This project is read-only.
1
Vote

Communication fails, but no exception thrown

description

Hello !

I am just on the way to find the best way to configure a 24x7 running app, where client and server may start independently and do auto-reconnect [or delayed connect on the client side, if the server is not running at the start moment].

I've started from: "08_ErrorHandlingWithCausality" and I have enabled logging.
I connect to the server, post a request and get a reply, all like to expect.

While the client is connected, I pull out the network cable [not really, I disabled the interface, it's a virtual machine].

I am creating a new request and post it. Astoundingly, this succeeds and no exception is thrown, but I receive a "transmitted" message from the ACK port !!!

The logs shows this:

Logging Debug: Sending XcoAppSpaces.Contracts.Messaging.WorkerMessage to "rx:9001", using CommService: mb-m500:49161
Computername: Logging Debug: Port registered with Guid: cc9a82d5-2e19-471f-8fcc-a97b4e8f47f6
Logging Debug: Sending Message to rx:9001
MMSClient(local).Ack [11.06.2013 22:40:57], Transfer ok at: 11 22:40:57.160 [my modified message handler]

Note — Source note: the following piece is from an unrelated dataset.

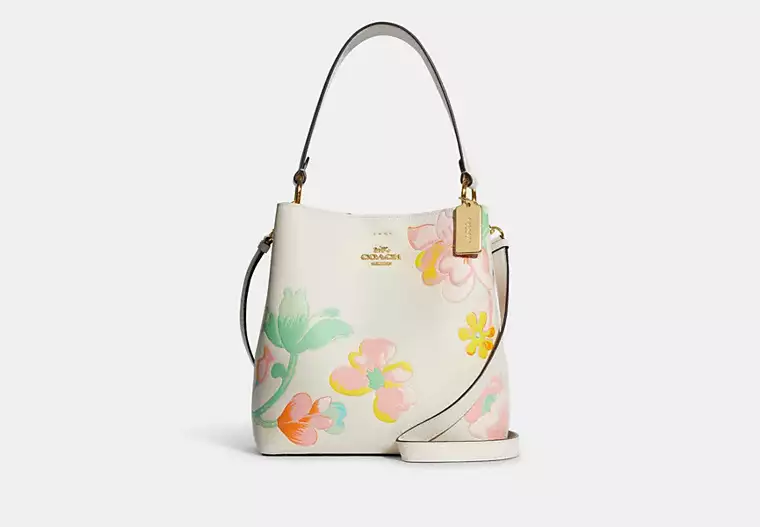 Coach Sac seau Town a imprime floral Dreamy Land Women Bag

Logging Error: Error converting stream to XcoMessage. Error:
Unable to read data from the transport connection: A connection attempt failed because the connected party did not properly respond
after a period of time, or established connection failed because connected host has failed to respond.

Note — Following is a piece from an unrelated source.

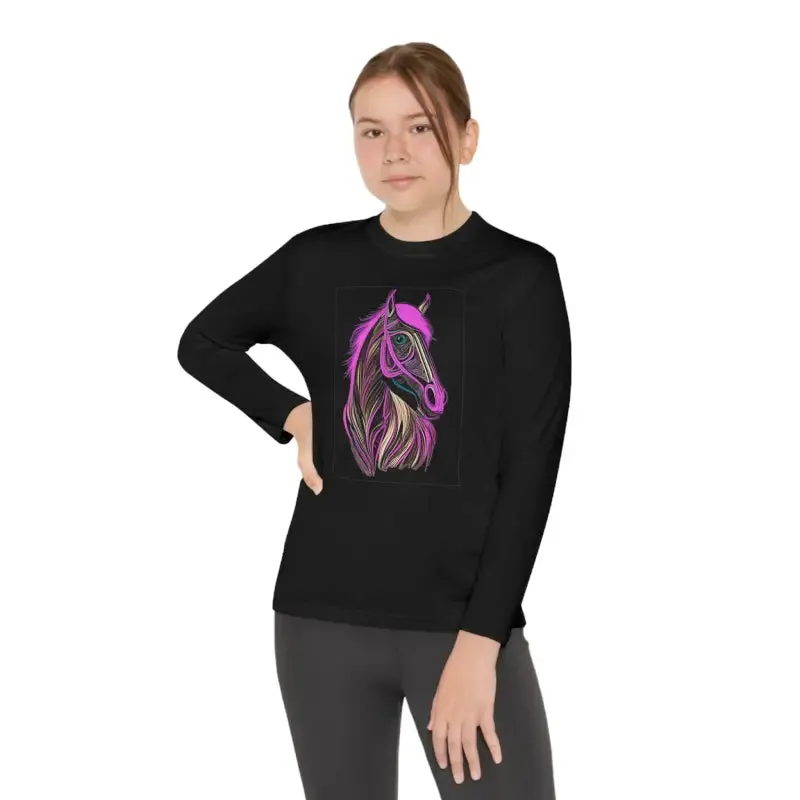 Youth Long Sleeve Competitor Tee for Champs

[mb-m500, client, windows 7; rx, server, Server 2008 R2].

Would be great to get some hints!!

Thanks anyway and
best regards,

++mabra

comments

thomass wrote Jun 13, 2013 at 2:39 PM

Hello mabra,

Unfortunately I have never seen such a problem. In the log you posted I cannot see anywhere that the message has actually been sent (there should be a log message somewhere from the TCP transport service, saying exactly "Sending Message to rx:9001"). The error that is shown in your log is one from the receiving part of the connection. Are there maybe more messages in the log that you left out here?

The only thing I could imagine right now is that disabling the connection virtually leaves the client in a state where it cannot recognize that the connection has actually been closed. If that is the case, this should be reproducible with a TCP socket.

If there is an error with the ACK port: Have you reused the ACK port from the previous message, or have you created a new one? It should not matter, but you should try out separate ones just to be sure.

Also: Please tell me which appspace version you are using.

Best regards
Thomas

mabra wrote Jun 14, 2013 at 10:59 PM

Hi !

I am sorry, I was refering the "15_AsyncWaitForMessageSent" where this line:

var ackPort = clientSpace.Receive<Ack>(ack => Console.WriteLine("Message transferred successfully at " + ack.Date));

was modified by me to use a method instead. So this output in my original log:

MMSClient(local).Ack [11.06.2013 22:40:57], Transfer ok at: 11 22:40:57.160 [my modified message handler]

refers to the Ack handler in the original sample.

In deed, I reused the ack-port until now. But after changing the method to create
the ack and exception port for each request, the problem remains.

Just to be sure. I changed the loghandler, to output DateTime.Now and this
is the current result:

[14.06.2013 23:02:46]Logging Debug: Sending XcoAppSpaces.Contracts.Messaging.WorkerMessage to "rx:9001", using CommService: mb-m500:49206
[14.06.2013 23:02:46]Logging Debug: Port registered with Guid: 6d4c9f64-e19f-492b-9379-151580bdf4a3
[14.06.2013 23:02:46]Logging Debug: Port registered with Guid: 072c6ba1-2ba5-4682-99e0-0173a828d1b8
[14.06.2013 23:02:46]Logging Debug: Sending Message to rx:9001
=> Message transferred successfully at 14.06.2013 23:02:46
[14.06.2013 23:03:06]Logging Error: Error converting stream to XcoMessage. Error:
Unable to read data from the transport connection: A connection attempt failed because the connected party did not properly respond
after a period of time, or established connection failed because connected host has failed to respond.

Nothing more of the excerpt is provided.